According to the United Nations Environment Program (UNEP), dumping accounts for about 10 percent of all pollution to the deep sea. The top source of pollution is runoff from land (44 percent), followed by air pollution (33 percent) and losses from shipping (12 percent). Offshore oil and gas exploration and production adds about 1 percent more of toxic chemicals — usually concentrated in areas like the Gulf of Mexico and the North Sea, where they cause a far greater proportion of the deep-sea pollution.

Global Storehouse
The deep sea also plays another role often overlooked in the operation of Earth: storing heat. Seawater that is warmed at the surface eventually becomes dense with salts and sinks into the deep sea. There it retains heat that can take centuries to come again to the surface. This is a critical concern regarding global warming, since the only way to truly cool down Earth is to expel the heat trapped by the greenhouse effect into space. That's harder to do when the heat is trapped in the deep sea and taking its time coming up again.

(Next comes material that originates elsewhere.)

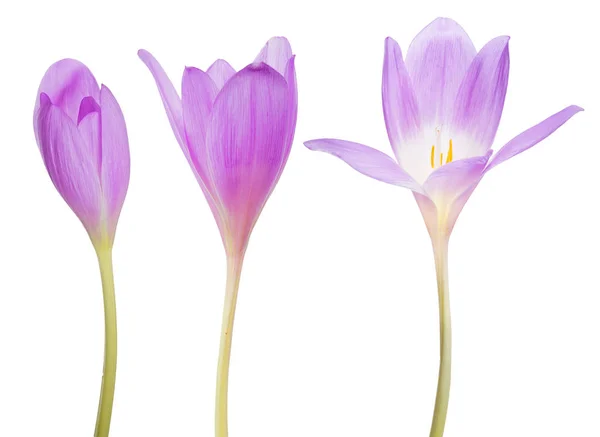 Sada tří květů šeříku krokus na bílém — Stock fotografie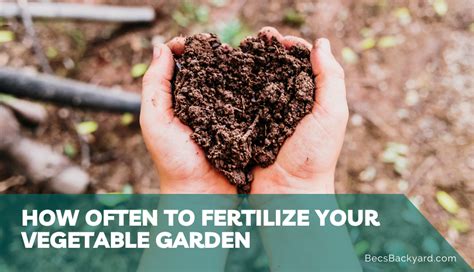 How Often To Fertilize Your Vegetable Garden A Complete Guide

Finally, there's the matter of carbon dioxide, the most notorious greenhouse gas. Microscopic ocean plants account for about half of all the carbon dioxide-absorbing photosynthesis on the planet. A lot of the carbon trapped by sea life near the surface eventually drops to the seafloor and is buried there — sequestered away from the atmosphere and out of the global warming equation for a long time. Without this giant carbon dioxide sink, the gas would increase faster in the atmosphere and global warming would accelerate even more quickly than it already is.

So no matter how otherworldly the deep sea may seem, it is actually an essential part of life everywhere on planet Earth.